Directions -> When you reach the line with "The gray hat.", transcribe it and each line after it through the last one below, exactly. Pictures stay out.

Data provided: Begin

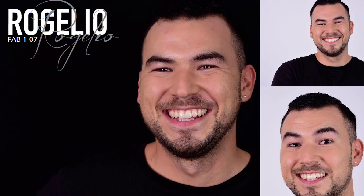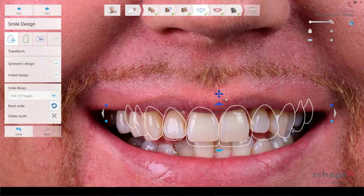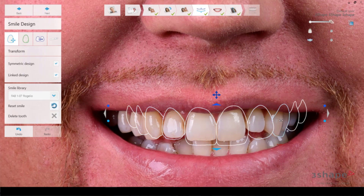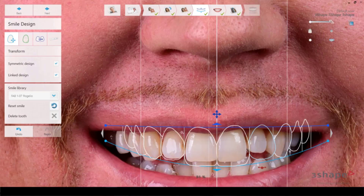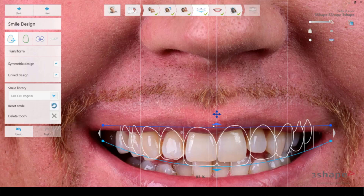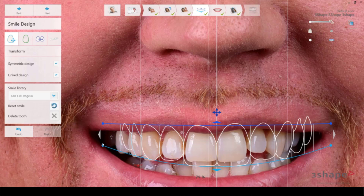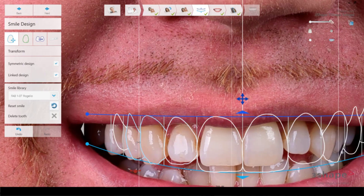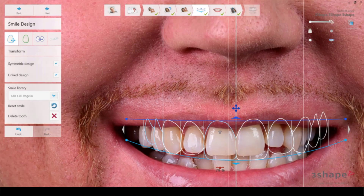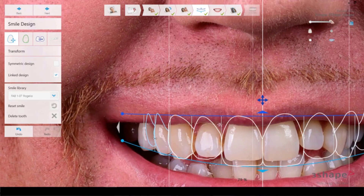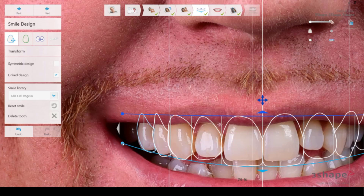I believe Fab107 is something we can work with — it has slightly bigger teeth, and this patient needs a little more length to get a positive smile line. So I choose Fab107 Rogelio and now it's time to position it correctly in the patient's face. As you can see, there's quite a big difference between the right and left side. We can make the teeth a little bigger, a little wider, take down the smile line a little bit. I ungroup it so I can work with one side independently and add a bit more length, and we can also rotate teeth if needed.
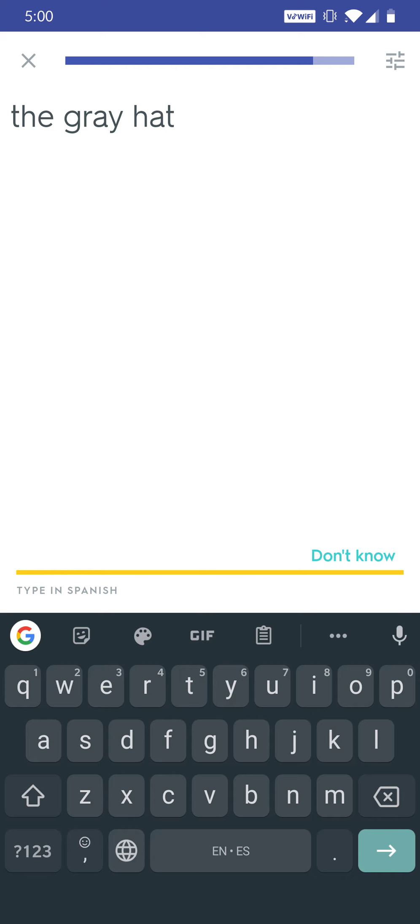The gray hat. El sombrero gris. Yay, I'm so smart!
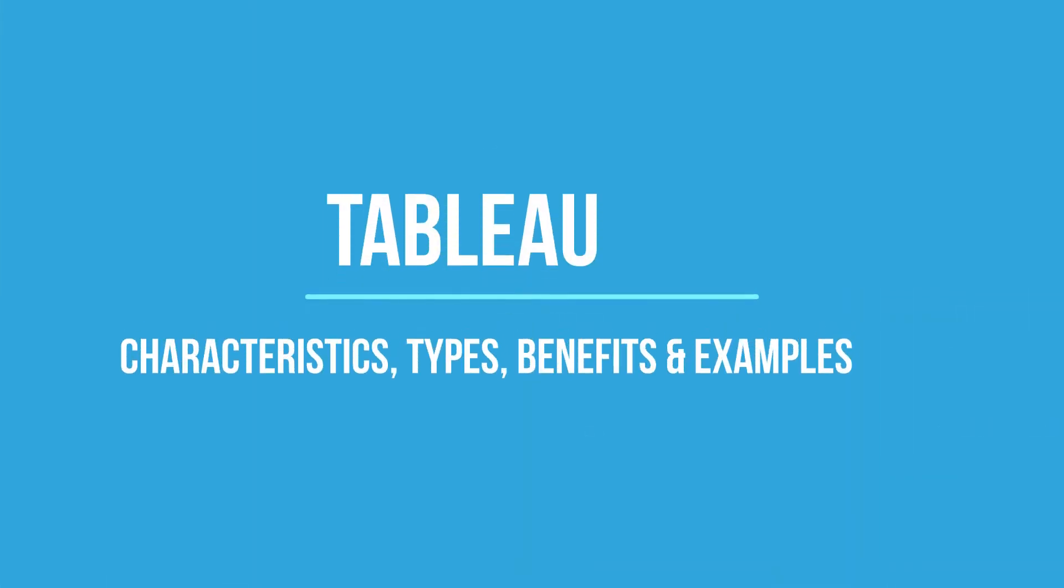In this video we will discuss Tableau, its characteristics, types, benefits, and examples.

Data provided: End

Answer space ->
The gray hat. El sombrero gris. Yay, I'm so smart!
In this video we will discuss Tableau, its characteristics, types, benefits, and examples.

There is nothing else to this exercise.